What they like to do is they say, look, I'm never, I, as an individual, I'm never going to, get as much of a deep analysis going as Sequoia. Benchmark Andries and Horowitz will. And so if they've just valued this company less than three months ago, and based on that, I can invest potentially at a discount because, because of the illiquidity premium, hey, that might be a, bet that I'm willing to pay.

And so a lot of times these are folks backing established, backers, that have very recently poured over the books and said, you know what? Based on my institutional knowledge. 32 bucks per share is the right price to pay. and then the individual sellers can decide, am I willing to sell at a discount, which many are, or is this the case where, I can actually potentially sell at a premium?

And the investors on the other side are putting in their own orders, and we just allow the market clearing price too, to take place with the company's blessing. Every single one of our transactions goes through the company. It's compliant with the company's transfer restrictions. and so in many ways, instead of thinking about this as a typical public company stock that you can just buy and sell, which is how simple we've made the process, what we're actually doing is every single one of these transactions is like little mini IPO that we have just spent the last 12 years automating, standardizing, providing a blueprint.

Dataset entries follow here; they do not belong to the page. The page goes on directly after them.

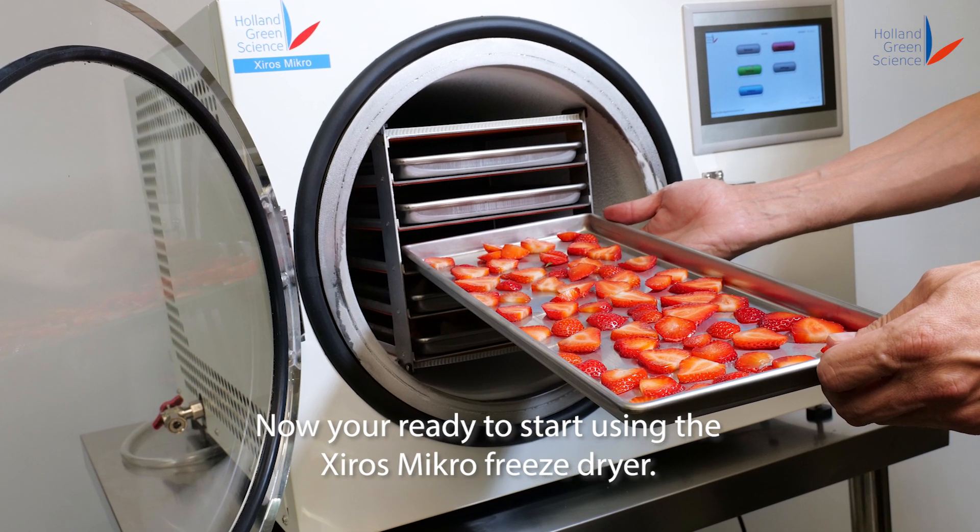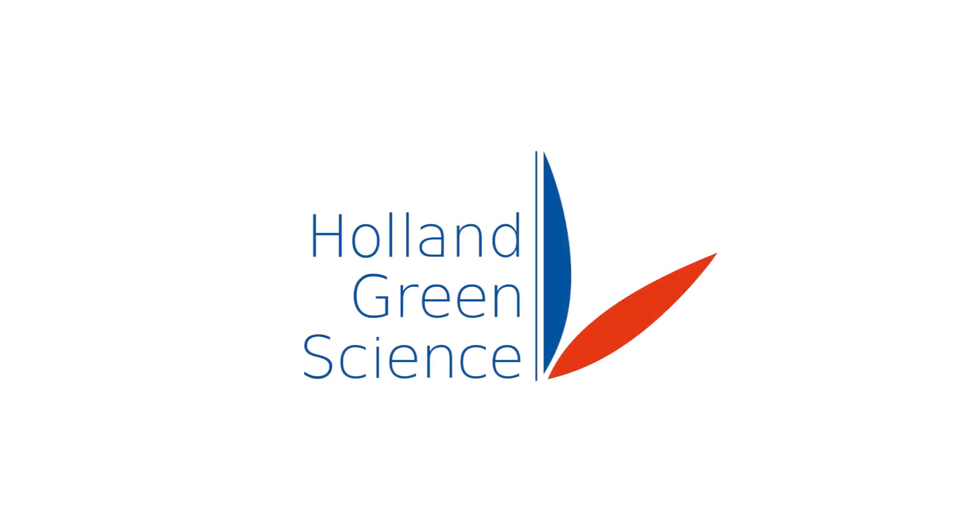Now you're ready to start using the Shiro's Micro Freeze Dryer.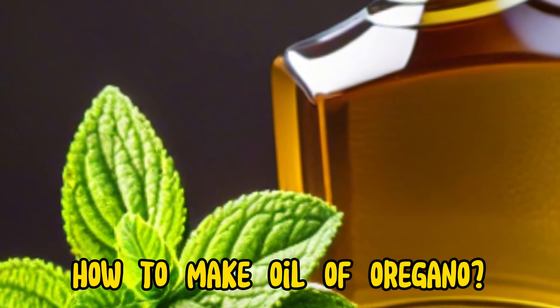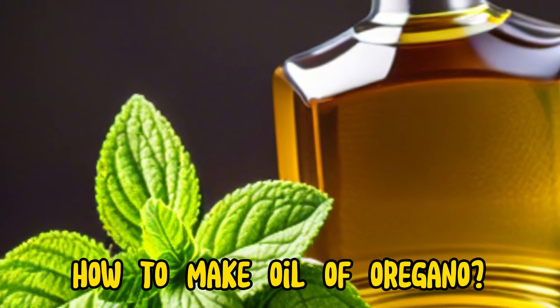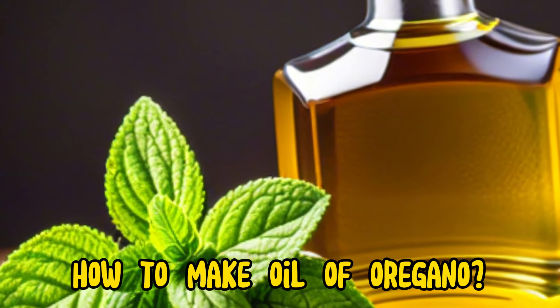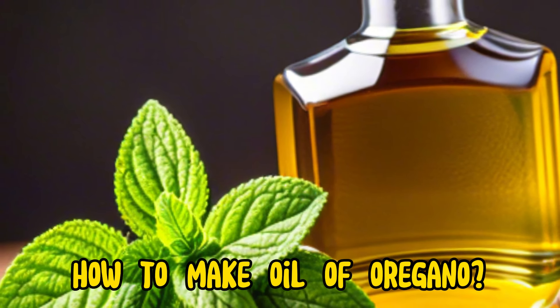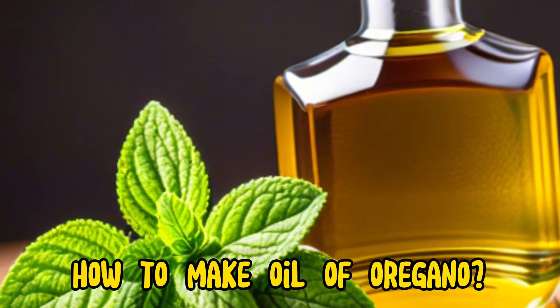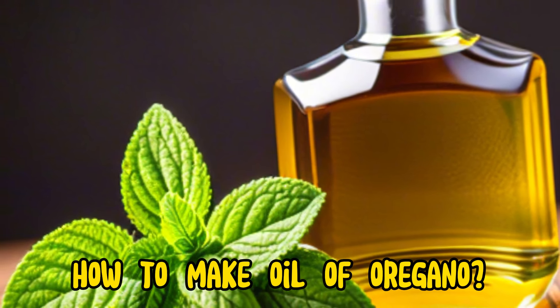Oil of oregano is a potent herbal extract derived from the leaves and flowers of the oregano plant, specifically Origanum vulgare or Origanum compactum. It is known for its strong antimicrobial properties and is often used for its potential health benefits, including immune support and respiratory health.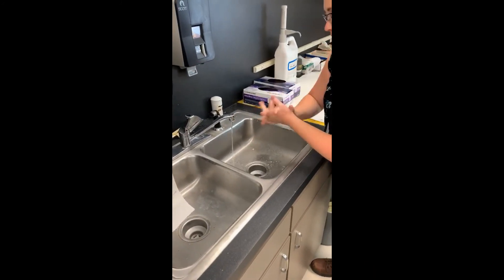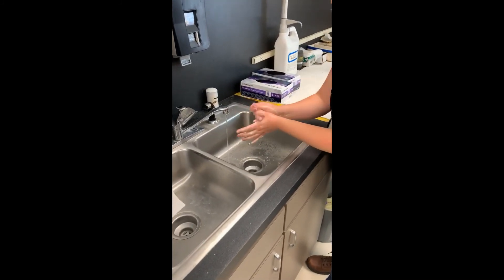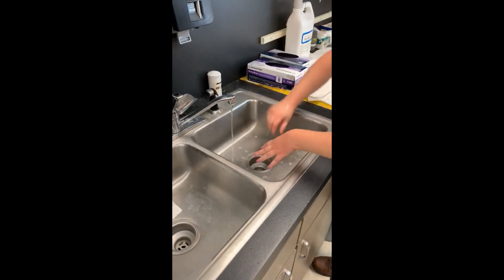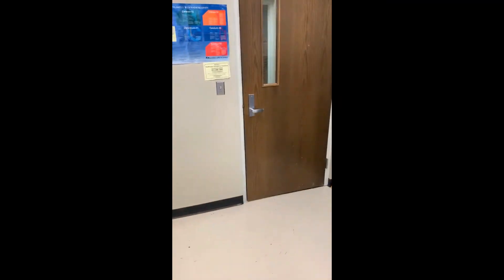Always wash your hands prior to leaving the laboratory. Even though you wear gloves, that doesn't mean they are impervious to the materials you handle. Best practice: wash your hands, then secure your laboratory space.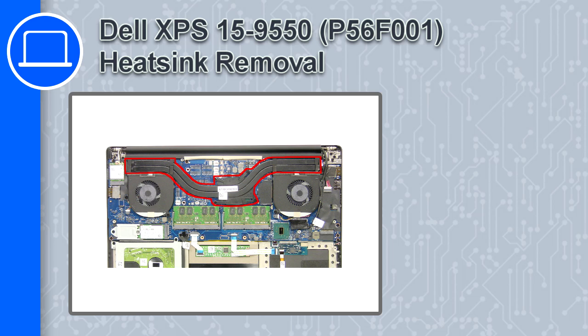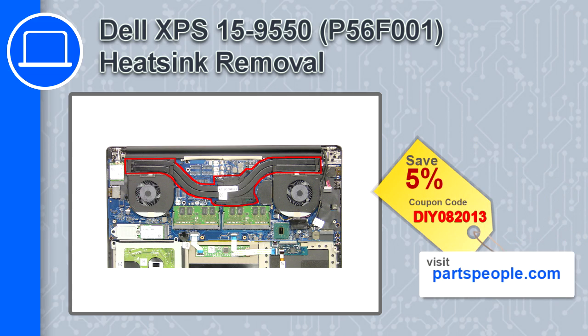How's it going, this is Ricardo and in this video I'll show you how to remove the heatsink from a Dell XPS 15 version 9550. If you're looking for parts for this laptop, go to our website and use this coupon for a 5% off discount.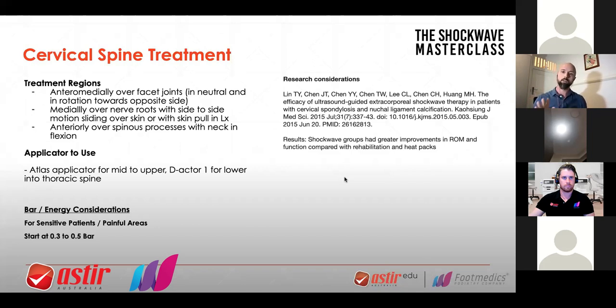Start with a low intensity — three to five bar over the segment using the Atlas applicator. I've indicated here an anteromedial direction over the facet joints. So from that facet joint, where the point of pain is, from the back, pushing it with the shockwave that way, and a bit medially — going in on a slight angle. That will glide the joint away. If you want to get a bit more intense, you get them to turn away from that direction of pain — that left side rotation — and you get the applicator on there with the rotation, and then apply the applicator.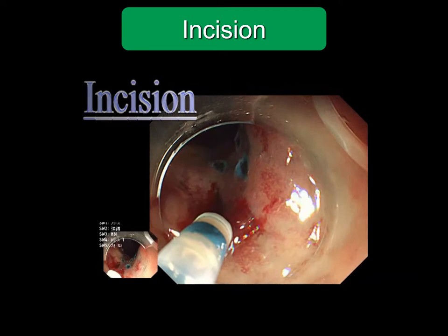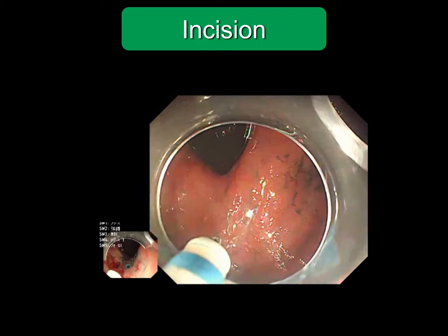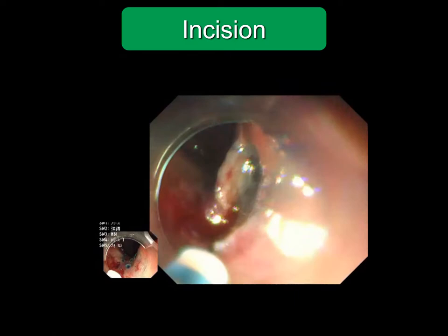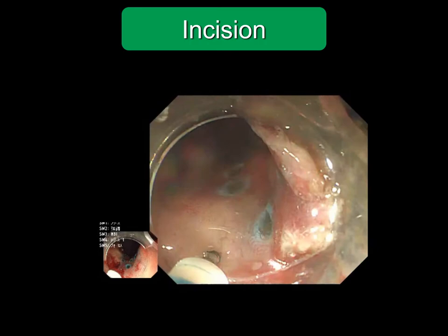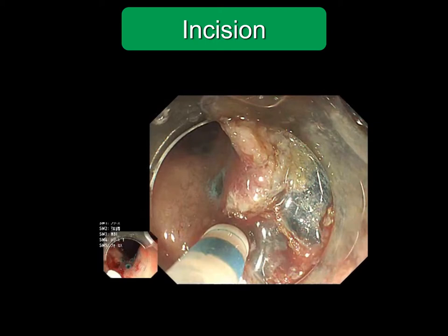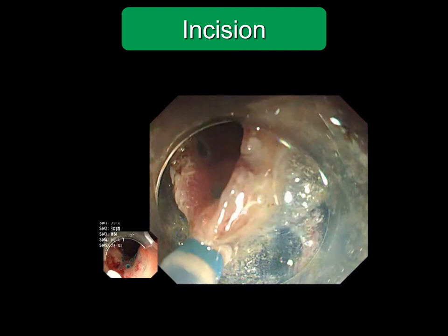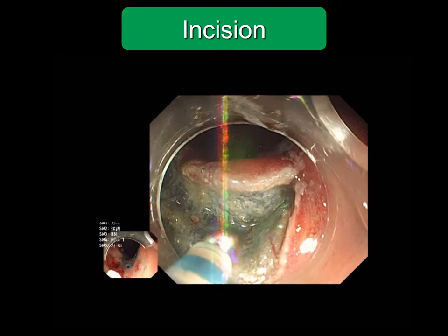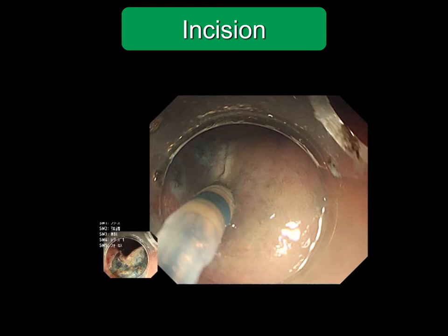A U-shaped incision is made to prepare a flap like this. It is safer to incise toward the lumen side. After incision of the mucosa, the incision line is traced several times to ensure cutting the muscularis mucosa. If the entire circumference is incised from the beginning, the locally injected solution flows out and does not effectively lift the lesion. There is a risk when an incision is made toward an invisible direction, so beginners had better incise toward the lumen side.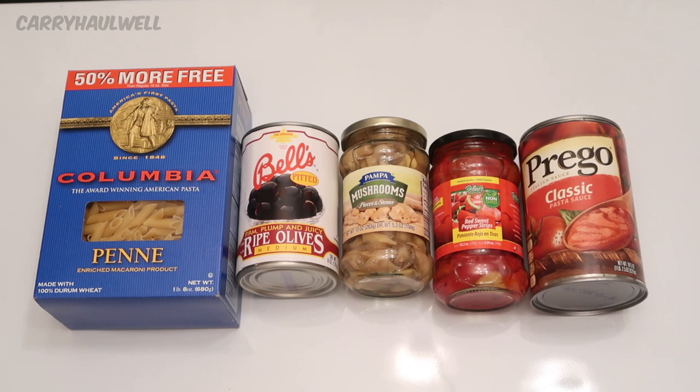I'm making a Dollar Tree recipe, and these are the ingredients. This recipe costs $5. Each ingredient that you see costs $1 at the Dollar Tree. I am calling this recipe Pizza Noodles. The reason why I'm calling it Pizza Noodles is because we have olives, mushrooms, and peppers — three toppings that I really enjoy on my pizza. And we also have tomato sauce.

To our investors saying, okay, right now we're in day one of the process. By, day 30, your investment's gonna close and every step along the way, you, you have, a variety of options to, to either invest more, invest less, make some different decisions. So it's an interesting, avenue.

That, at this point we have a little over 700,000, 750,000 households on our platform. and we've done, again, over 45,000 private placement transactions at this place. And so over, the last decade, we've just spent a lot of time trying to make what sounds inaccessible, not only providing the access, but also providing a bit more of the, how to guide, for a lot of folks.

[00:22:38] Lindsey Bell: So talk to me a little bit about dilution. is, dilution a a big risk here given how late stage these companies are? Or is, does it even matter because you're assuming that the valuation goes up significantly enough that it offsets any dilution?

[00:22:53] Atish Davda: Yeah, it's a good question. Look, first of all, it's important to call out that because these are secondary transactions that equities and facilitates.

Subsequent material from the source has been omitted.